# 500 miles in 2.5 yrs



## biggs682 (16 Sep 2012)

well on todays 12 mile ride we notched up our 500 th mile covered and its taken around 2.5 years to do . so like a lot of tandems ours does not get a lot of use .


----------



## simon.r (16 Sep 2012)

Ours, bought new in April, has done exactly 10 miles!

My girlfriend broke her elbow a couple of weeks after we bought it and since she's felt able to get back on it it's rained every time we've planned a ride out. I know the rain isn't an excuse, but she's a novice cyclist and I don't want to put her off before she starts!

Here's hoping for a few mild and sunny weekends in the next few weeks...


----------



## roadrash (16 Sep 2012)

simon.r said:


> Ours, bought new in April, has done exactly 10 miles!
> 
> My girlfriend broke her elbow a couple of weeks after we bought it and since she's felt able to get back on it it's rained every time we've planned a ride out. I know the rain isn't an excuse, but she's a novice cyclist and I don't want to put her off before she starts!
> 
> Here's hoping for a few mild and sunny weekends in the next few weeks...


 

good luck with that one


----------



## simon.r (16 Sep 2012)

roadrash said:


> good luck with that one


 
 I know it's a long shot! This weekend would have been fine, but she was on a training course... I suspect it may gather dust until next Spring!


----------



## biggs682 (16 Sep 2012)

simon.r said:


> I know it's a long shot! This weekend would have been fine, but she was on a training course... I suspect it may gather dust until next Spring!

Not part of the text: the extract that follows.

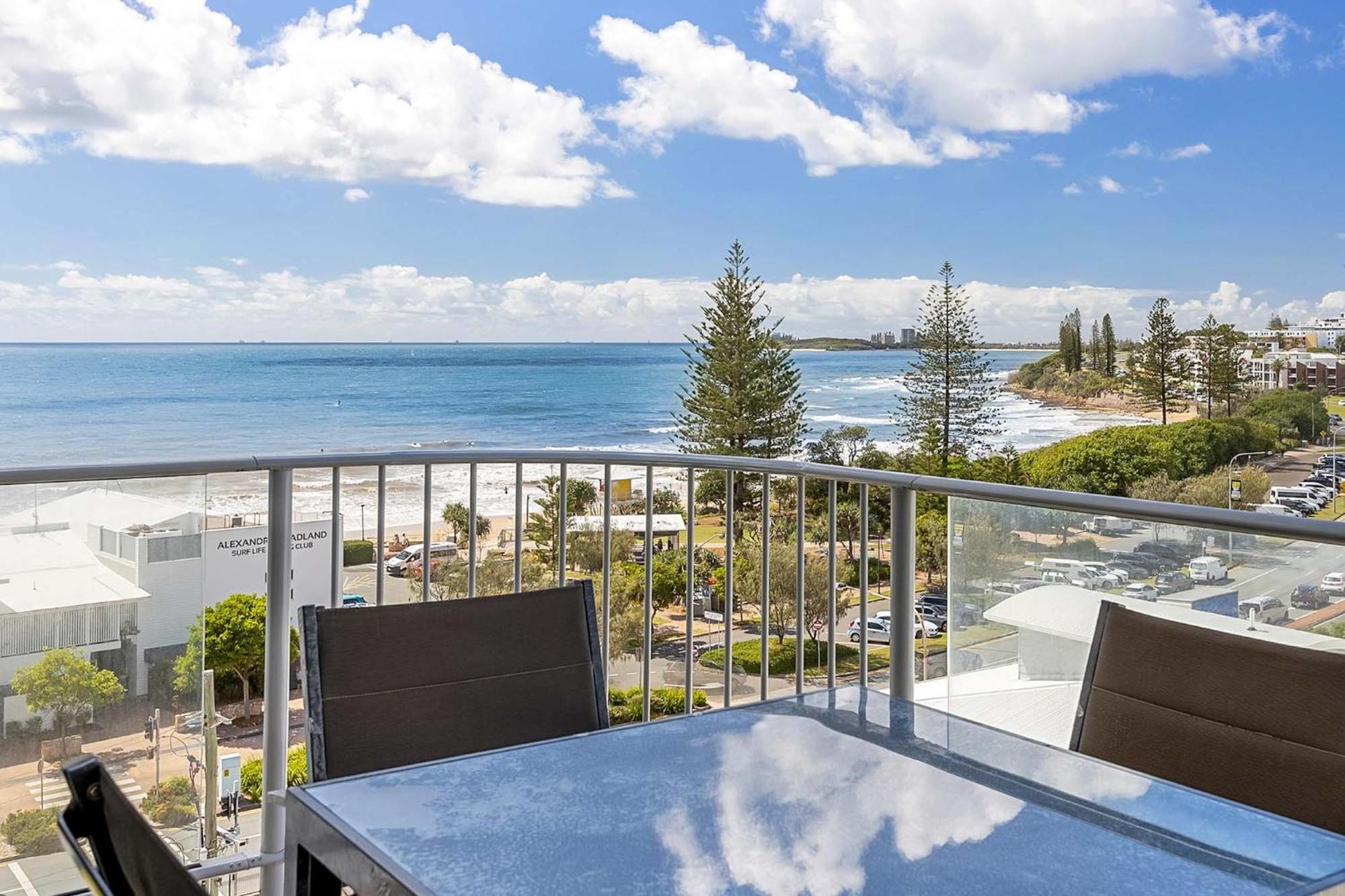Mandolin Beachfront Resort Alexandra Headland Exterior photo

 can always ride it solo !


----------



## biggs682 (3 Feb 2013)

have set a target of 500 mles this year for tandam so far so good feb 3rd and 4.5 miles covered so getting there !!!


----------



## JohnClimber (20 Sep 2013)

Picked up our Dawes mtb Tandem 2 weeks ago and done 48 miles so far.

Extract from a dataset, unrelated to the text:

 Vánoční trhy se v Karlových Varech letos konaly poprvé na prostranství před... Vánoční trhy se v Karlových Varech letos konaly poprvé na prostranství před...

Slowly increasing the mileage 13 miles today.

16 miles planned for Sunday, who knows we may bag 500 miles before the end of the year


----------



## biggs682 (21 Sep 2013)

biggs682 said:


> have set a target of 500 mles this year for tandam so far so good feb 3rd and 4.5 miles covered so getting there !!!



not been out since !!!



JohnClimber said:


> Picked up our Dawes mtb Tandem 2 weeks ago and done 48 miles so far.
> 
> Slowly increasing the mileage 13 miles today.
> 
> 16 miles planned for Sunday, who knows we may bag 500 miles before the end of the year



well done i wish ours was being used


----------



## JohnClimber (22 Sep 2013)

Getting the miles in, another 17.5miles within 2 hours this morning so 64 miles in total.

Little and often is my secret to getting her out on the bike, just so she gets in the habit of riding. She was ready to ride before me today.


----------



## fossyant (22 Sep 2013)

There is no chance I would get a tandem with my missus. She is a very jumpy car passenger after a couple of rear end collisions in her car. Not me driving.

My cycling would seriously spook her out....


----------



## biggs682 (23 Sep 2013)

my rear end charlie was my daughter who has now reached the age where it wouldnt be cool to be seen out on a tandem with her " dad "


----------



## JohnClimber (5 Oct 2013)

106 miles so far and counting.

The wife is really enjoying getting out and about without the normal worry of riding her bike.
In the past if we had 2 rides together a year that would be a high mileage week, now we get out together 2 to 3 times a week.

Buy a tandem if you want your wife out riding with you if she's not confident on a bike.


----------



## biggs682 (6 Oct 2013)

JohnClimber said:


> 106 miles so far and counting.
> 
> The wife is really enjoying getting out and about without the normal worry of riding her bike.
> In the past if we had 2 rides together a year that would be a high mileage week, now we get out together 2 to 3 times a week.
> ...


glad to hear you both enjoying it


----------